Your objective:
Give a verbatim copy of the lines below, minus the pictures.
Top of Input data
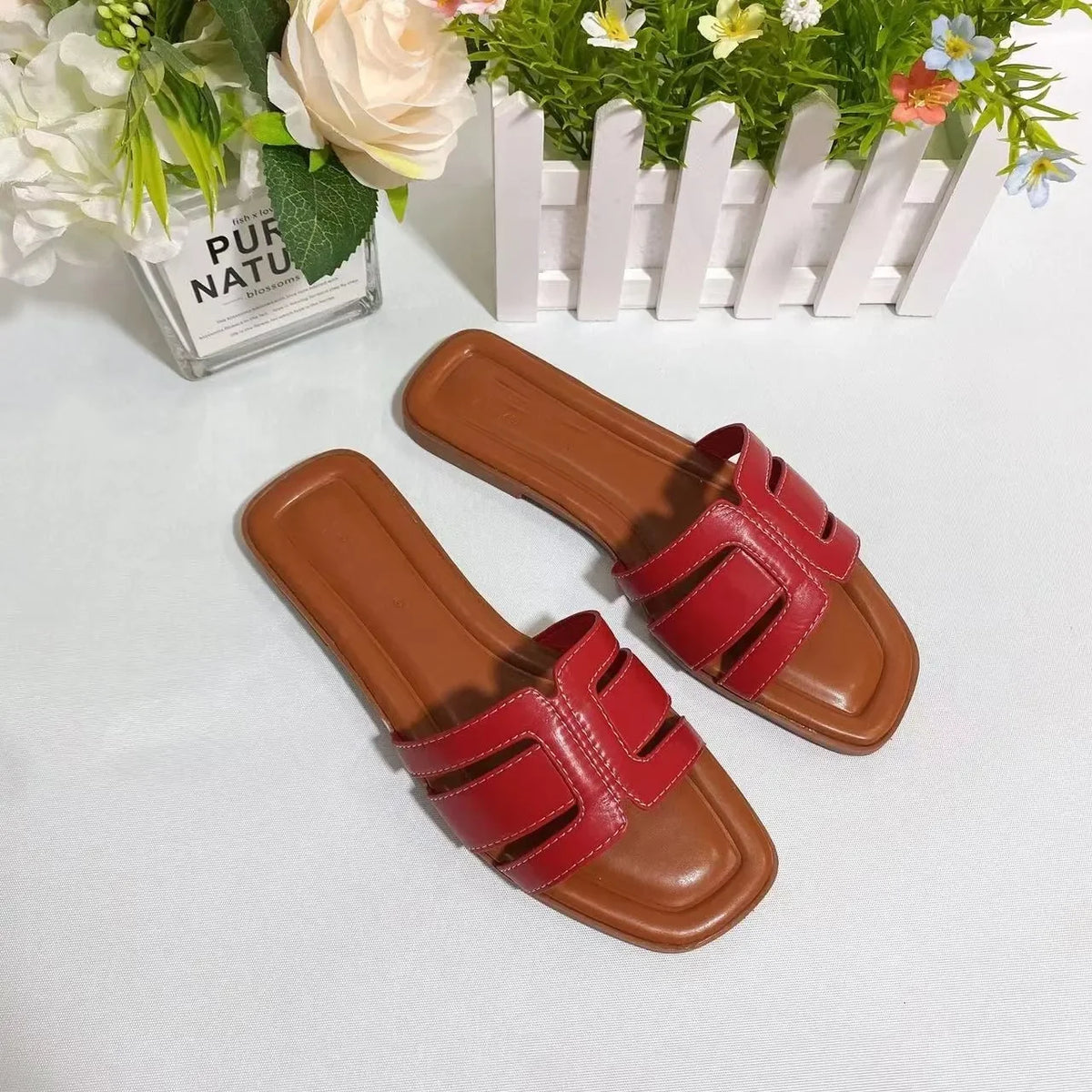 Designer Shoes Solid Color Square Toe Slippers Plus Size Outdoor Fashion Women's Shoes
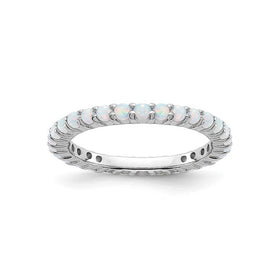 Sterling silver stackable opal ring with oval opal segments along the band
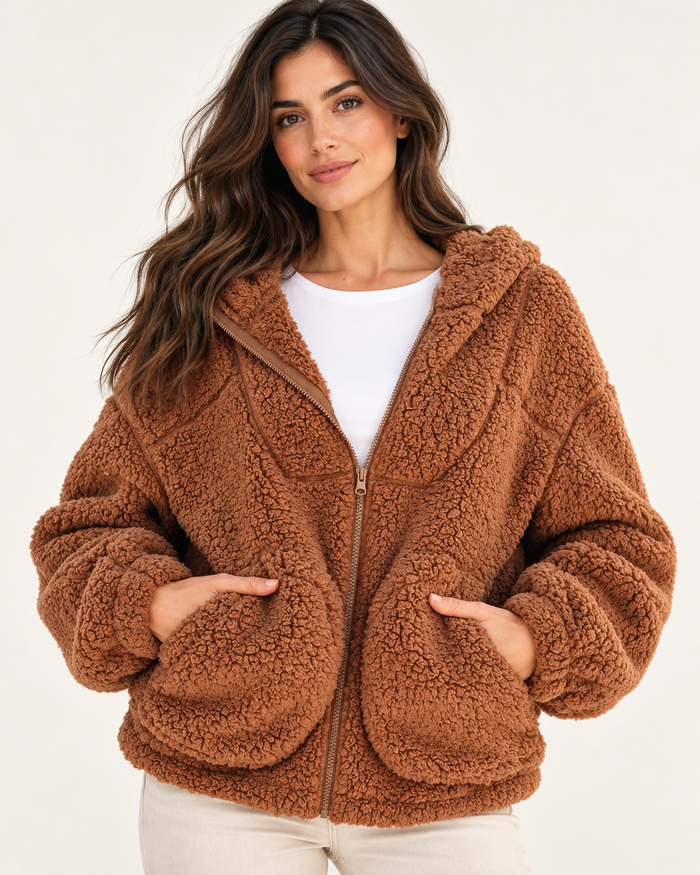 Women's hooded teddy fleece jacket in brown, front view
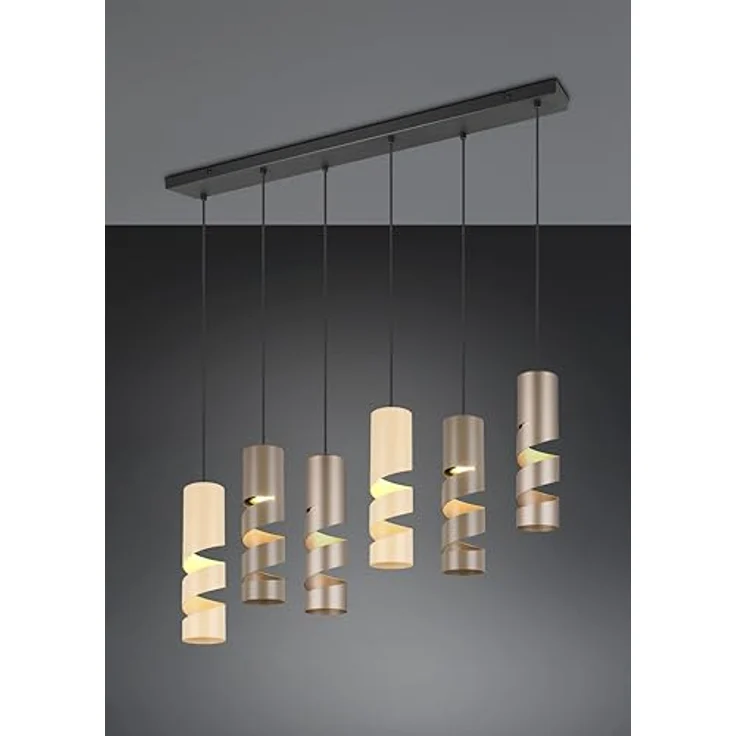 TRIO Pendelleuchte Stream, moderne hängende Leuchte in Schwarz mit Taupe und Beige, 6 Lichtquellen GU10, ideal für Wohnzimmer und Schlafzimmer, metallisch, 1000 mm breit, 1500 mm lang – Bild 2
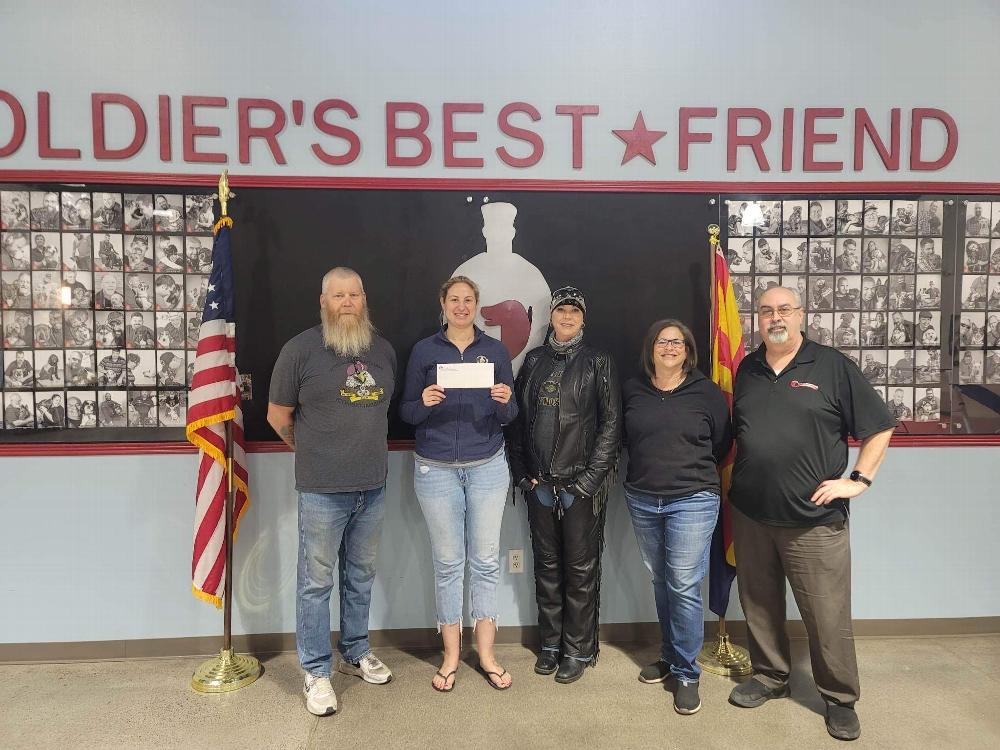 Elks Riders Present Veteran Services Donation to Soldier's Best Friend Feb 2023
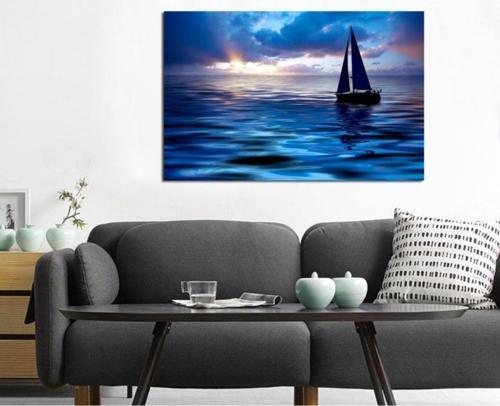 Denizde Yelkenli Kanvas Tablo 90x120 cm 90x120 cm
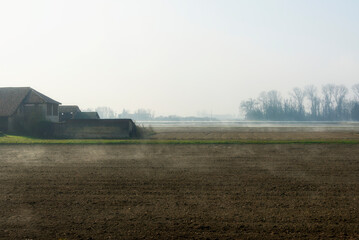 Fototapeta premium foggy landscape alon the Ticino river during a winter morning, Pavia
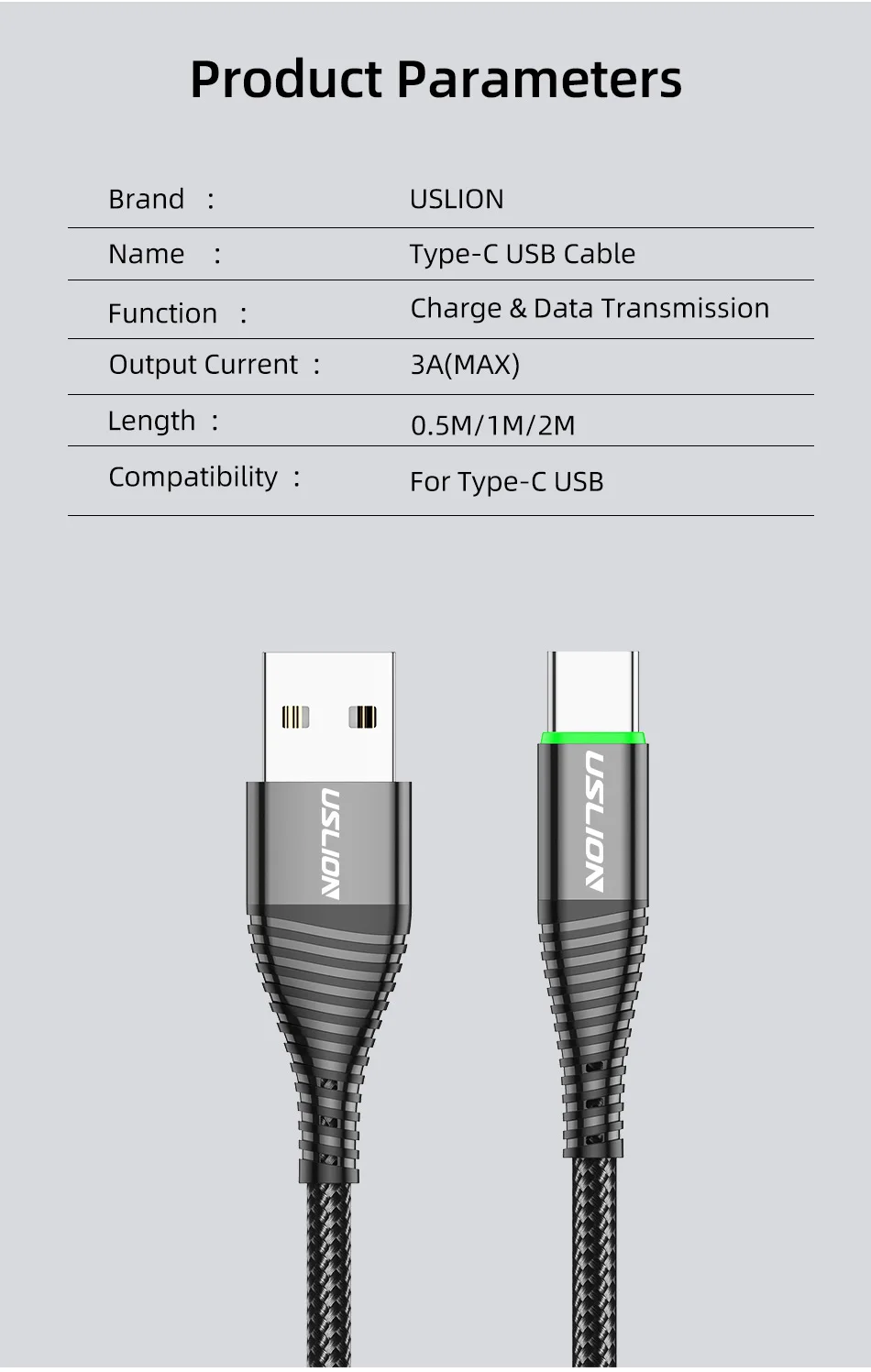 USLION 0,5 m/1 m/2 m светодиодный 3A usb type C кабель для быстрой зарядки для samsung Galaxy Xiaomi huawei Note 7 кабель для USB-C данных Шнур для зарядного устройства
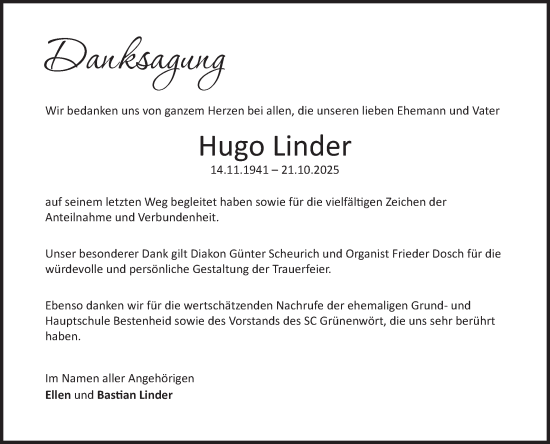 Traueranzeige von Hugo Linder von Fränkische Nachrichten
Bottom of Input data
Task response:
 Designer Shoes Solid Color Square Toe Slippers Plus Size Outdoor Fashion Women's Shoes
 Sterling silver stackable opal ring with oval opal segments along the band
 Women's hooded teddy fleece jacket in brown, front view
 TRIO Pendelleuchte Stream, moderne hängende Leuchte in Schwarz mit Taupe und Beige, 6 Lichtquellen GU10, ideal für Wohnzimmer und Schlafzimmer, metallisch, 1000 mm breit, 1500 mm lang – Bild 2
 Elks Riders Present Veteran Services Donation to Soldier's Best Friend Feb 2023
 Denizde Yelkenli Kanvas Tablo 90x120 cm 90x120 cm
 Fototapeta premium foggy landscape alon the Ticino river during a winter morning, Pavia
 USLION 0,5 m/1 m/2 m светодиодный 3A usb type C кабель для быстрой зарядки для samsung Galaxy Xiaomi huawei Note 7 кабель для USB-C данных Шнур для зарядного устройства
 Traueranzeige von Hugo Linder von Fränkische Nachrichten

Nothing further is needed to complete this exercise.